La cathédrale Saint-Maurice de Mirepoix était le siège de l’ancien diocèse de Mirepoix dans le département de l'Ariège.

Histoire de la construction[modifier | modifier le code]

Fondation[modifier | modifier le code]

Le vocable de Saint-Maurice lui vient de la première église, alors construite sur la rive droite de l'Hers-Vif. Le 22 septembre 1209, le jour de la saint-Maurice, les armées de Simon de Montfort prennent la ville et placent l’église sous le patronage du saint et de ses compagnons. Mais cette église n’est plus, emportée par l’inondation du 16 juin 1289, qui fait déplacer la ville sur la rive gauche.

La cathédrale que nous connaissons vit sa première pierre posée par Jean Ier de Lévis-Mirepoix, le 6 mai 1298 (date à laquelle a été posée la pierre de dédicace). Son édification s’étala sur six siècles, avec des interruptions.

L’église devient cathédrale, les travaux débutent[modifier | modifier le code]

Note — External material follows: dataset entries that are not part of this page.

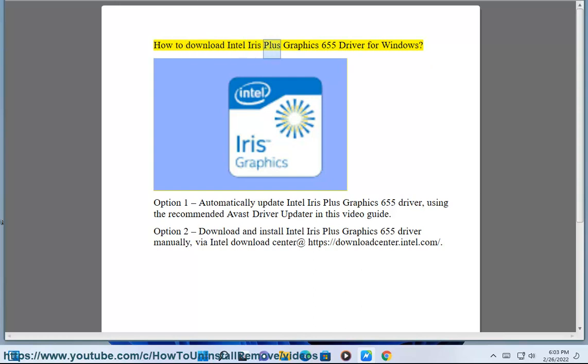How to download Intel Iris Plus Graphics 655 driver for Windows. Option 1: Automatically update Intel Iris Plus Graphics 655 driver,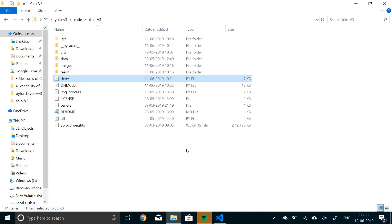Alright, so in the previous video we have already built the YOLO version 3 network and in this one we'll actually use that network to make predictions on images. And in the final video, that is the next video, we'll use the network to make predictions on video.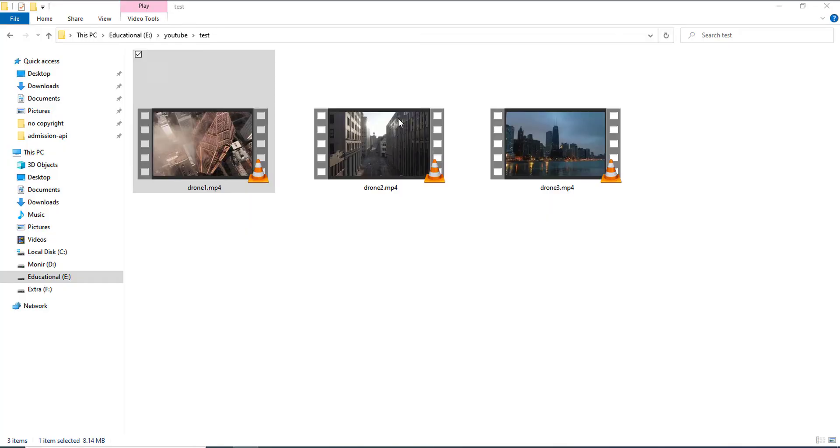Hello and welcome. In this quick tutorial, I am going to show you how to merge more than one video into a single video using FFmpeg. So, let's just dive into it.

C’est le 26 septembre 1317, avec la bulle Salvator noster, que le pape nouvellement élu Jean XXII fait de Mirepoix le siège d’un nouvel évêché ; l’église devient cathédrale. Mais on manque de financement pour agrandir l’édifice. Les différents évêques tentent de s’en occuper, mais ils ne parviennent jamais à terminer les travaux (la guerre de Cent Ans et une épidémie de peste en 1361 y sont pour beaucoup). Jacques Fournier, futur Benoît XII, fait bien dresser des plans par Pierre Poisson (futur architecte du palais des papes à Avignon) mais il est nommé cardinal avant d’avoir véritablement pu les réaliser.

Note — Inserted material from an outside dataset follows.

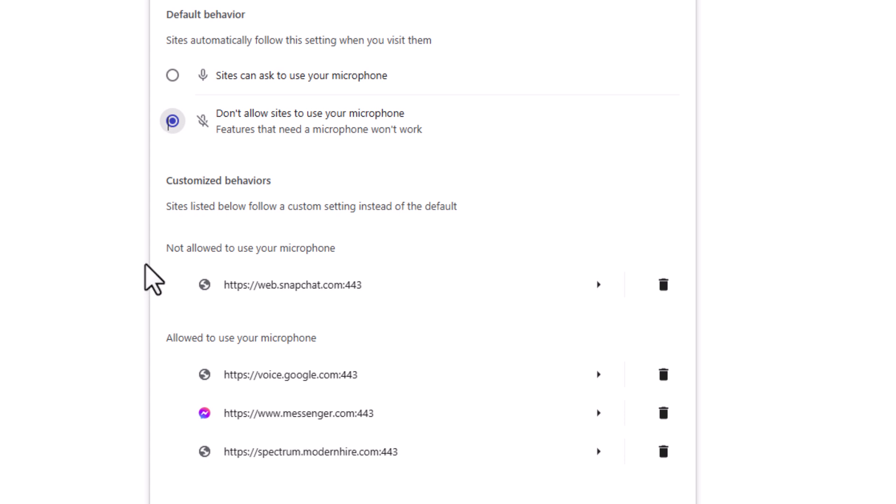That is how to enable or disable your microphone in the Google Chrome web browser. Thanks for watching.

Il faudra attendre le XVIe siècle avec l’évêque exceptionnel que fut Philippe de Lévis pour qu’enfin des travaux significatifs soient portés à leur terme : il fait démolir les maisons accolées à la cathédrale, dégageant ainsi l’édifice, l’agrandit, l’embellit, et surtout fait construire le clocher dont la flèche, très aiguë, à 8 faces, porte à 60 mètres de hauteur la croix terminale, ce qui en fait la plus haute du département. Deux étages carrés maintenus par des contreforts sont surmontés par deux étages octogonaux éclairés par des fenêtres ogivales à abat-son. Ce clocher, achevé en 1506, abrite 16 cloches, dont un bourdon de deux tonnes (le plus lourd du Sud-Ouest). C’est également de cette époque que date la porte renaissance, longtemps démontée, que l’on a retrouvé en 1952 et le porche d’entrée.

Un lent abandon[modifier | modifier le code]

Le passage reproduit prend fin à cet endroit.